# TASK GOAL
Reproduce each line, exactly, from the one containing "Philippines women" through the end of the material. Exclude pictures.

# SOURCE MATERIAL
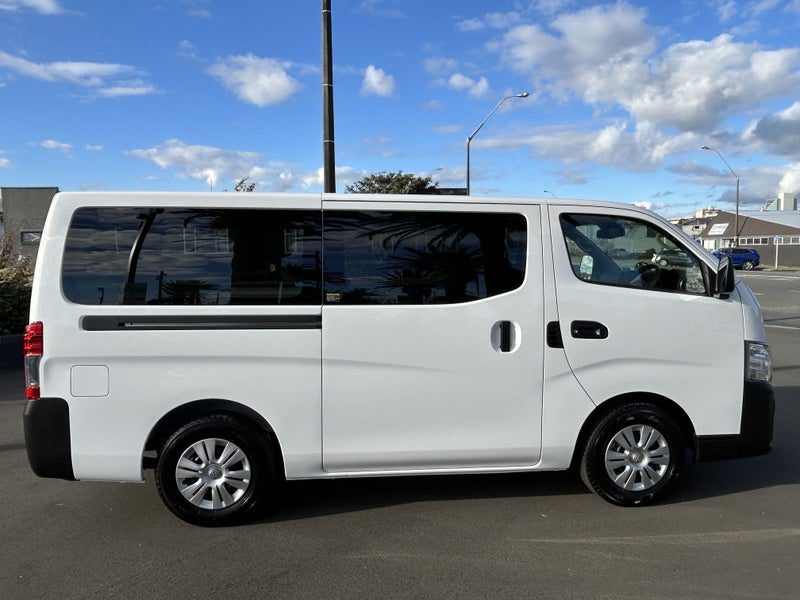 2025 Nissan Caravan NV350, photo 3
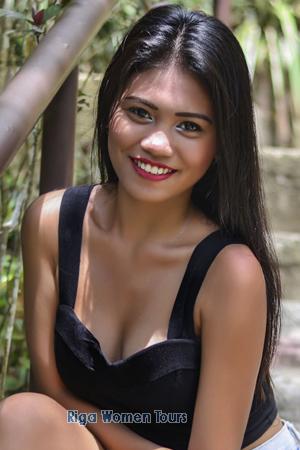 Philippines women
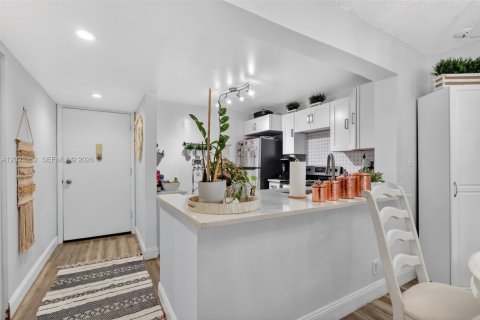 Copropriété à vendre à Tamarac, Floride: 2 chambres, 80.36 m2 № 2077987 - photo 6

# ANSWER FOR THIS EXERCISE
 Philippines women
 Copropriété à vendre à Tamarac, Floride: 2 chambres, 80.36 m2 № 2077987 - photo 6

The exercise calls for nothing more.